▸ SUPPLIED MATERIAL
═══
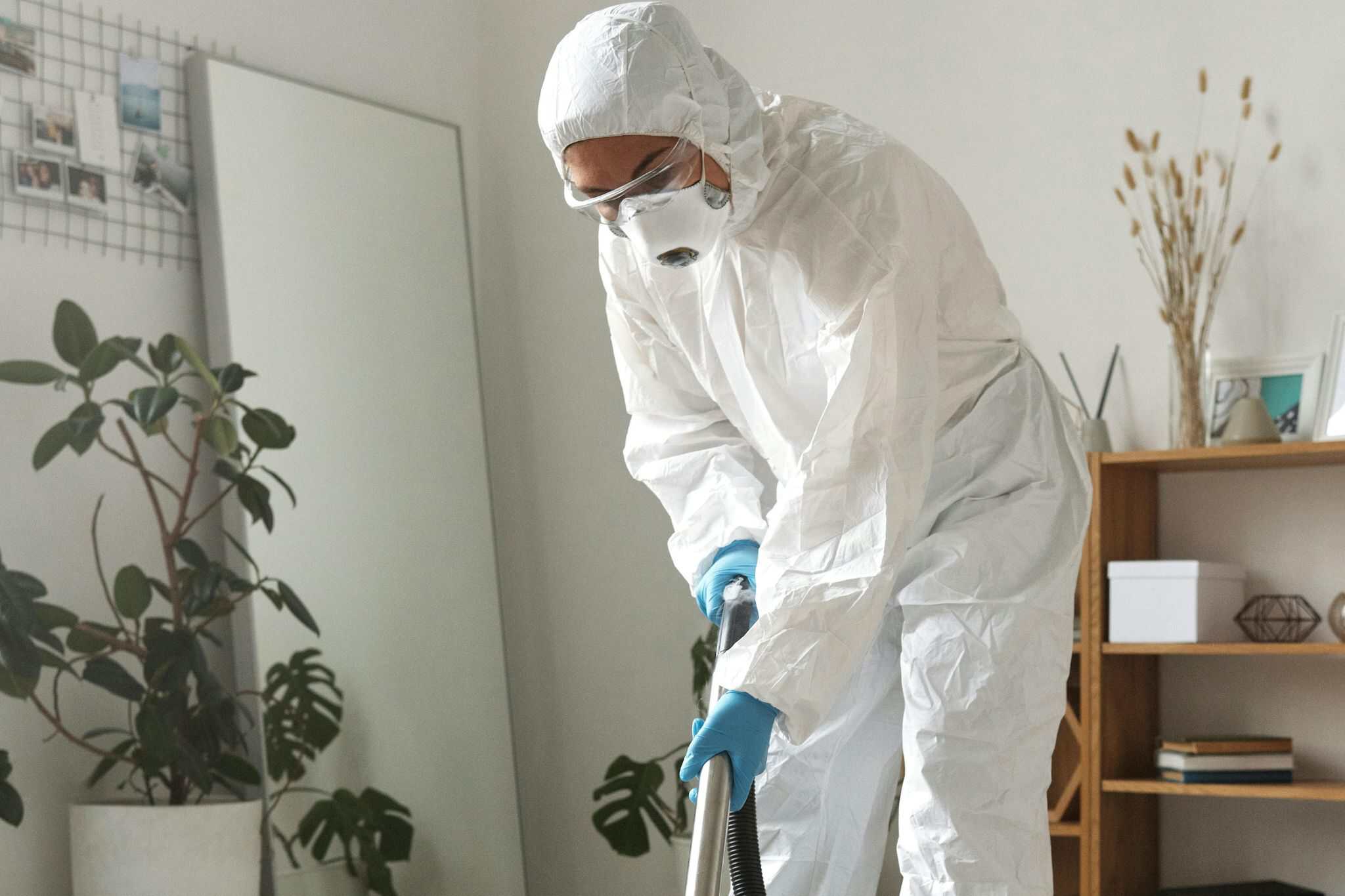 Deep Cleaning Calgary: Why a Full Home Refresh Is a Game-Changer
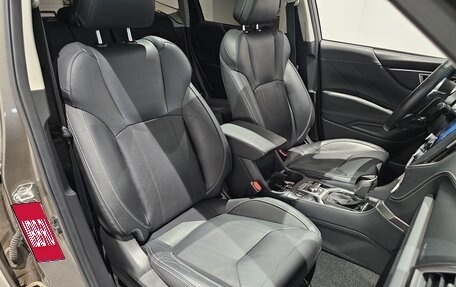 Subaru Forester, 2018 год, 2 699 000 рублей, 20 фотография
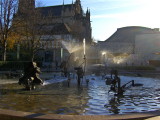 Tinguely Fountain.1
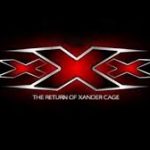xXx The return of Xander Cage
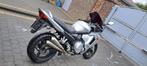Suzuki gsx 650f, Motoren, 4 cilinders, Particulier, Meer dan 35 kW, 650 cc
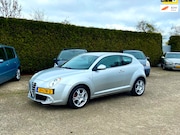 Alfa Romeo MiTo - APK NIEUW LEER AIRCO RIJD NIEUW AUTO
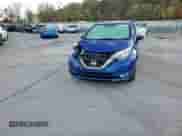 2017 Nissan Note SV с VIN 3N1CE2CP3HL379399, выставлен на аукционе Copart как лот 90114545 с пробегом 118 522 миль миль и Списание • Salvage title. История ставок и продаж доступна на DreamBid. Изображение 13.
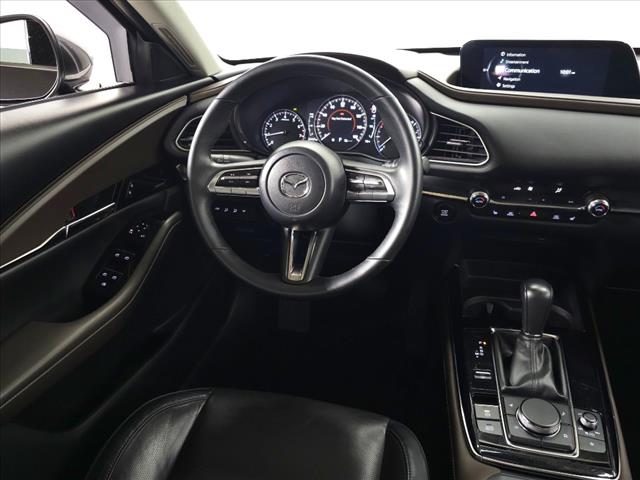 2020 Mazda CX-30 Premium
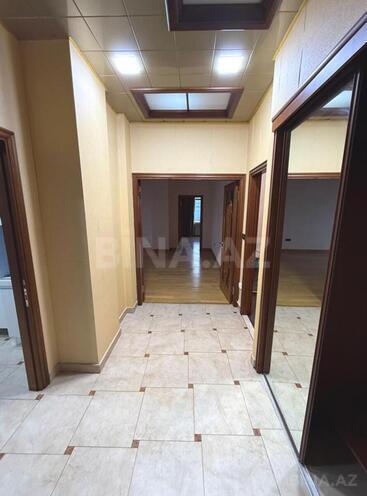 Satılır 3 otaqlı yeni tikili 138 m², Sahil m., photo 17 from 30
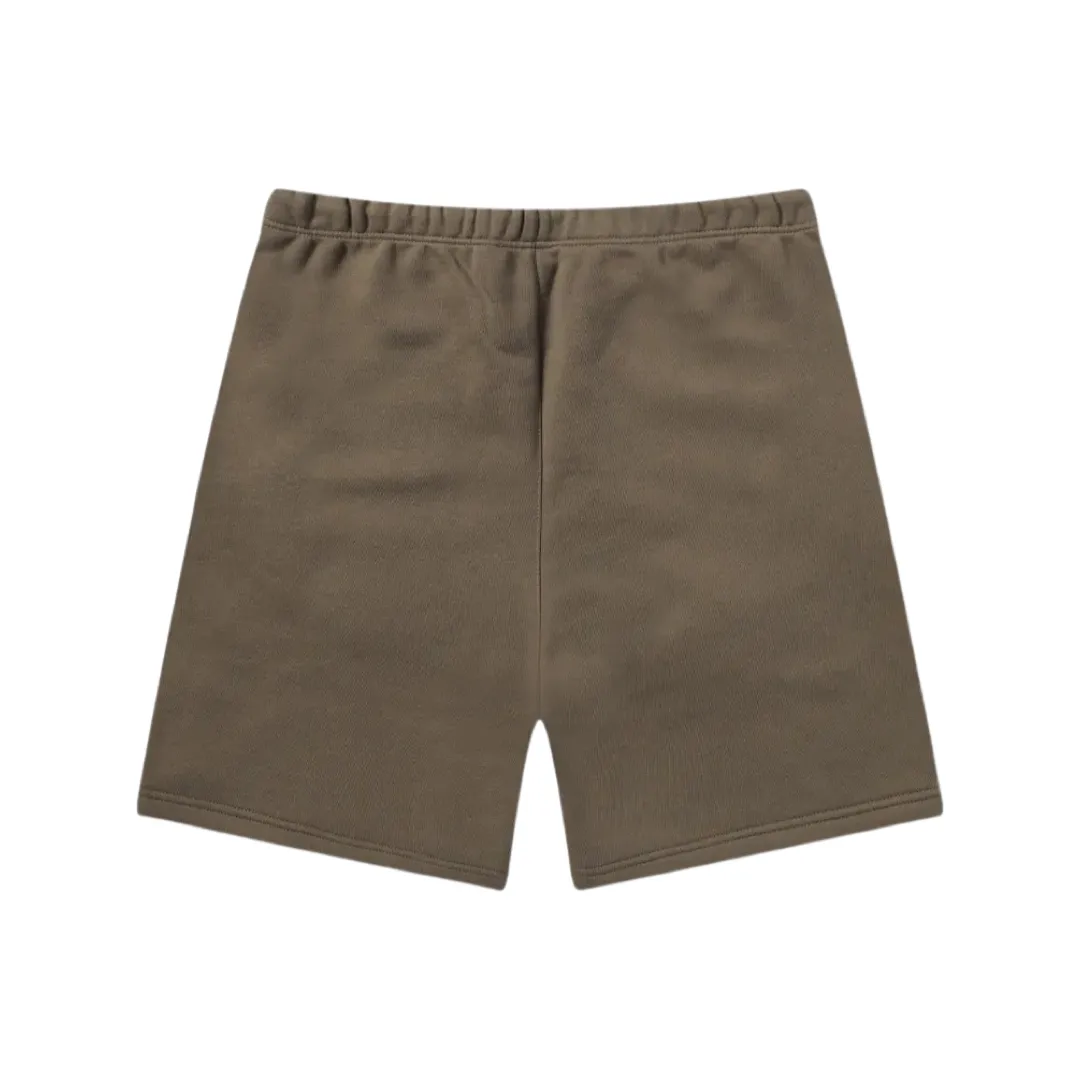 Fear of God Essentials Sweatshort Harvest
═══
▸ EXERCISE PROMPT
Without any pictures, print the whole listing again exactly as it stands.

▸ SOLUTION BELOW
 Deep Cleaning Calgary: Why a Full Home Refresh Is a Game-Changer
 Subaru Forester, 2018 год, 2 699 000 рублей, 20 фотография
 Tinguely Fountain.1
xXx The return of Xander Cage
Suzuki gsx 650f, Motoren, 4 cilinders, Particulier, Meer dan 35 kW, 650 cc
 Alfa Romeo MiTo - APK NIEUW LEER AIRCO RIJD NIEUW AUTO
 2017 Nissan Note SV с VIN 3N1CE2CP3HL379399, выставлен на аукционе Copart как лот 90114545 с пробегом 118 522 миль миль и Списание • Salvage title. История ставок и продаж доступна на DreamBid. Изображение 13.
 2020 Mazda CX-30 Premium
 Satılır 3 otaqlı yeni tikili 138 m², Sahil m., photo 17 from 30
 Fear of God Essentials Sweatshort Harvest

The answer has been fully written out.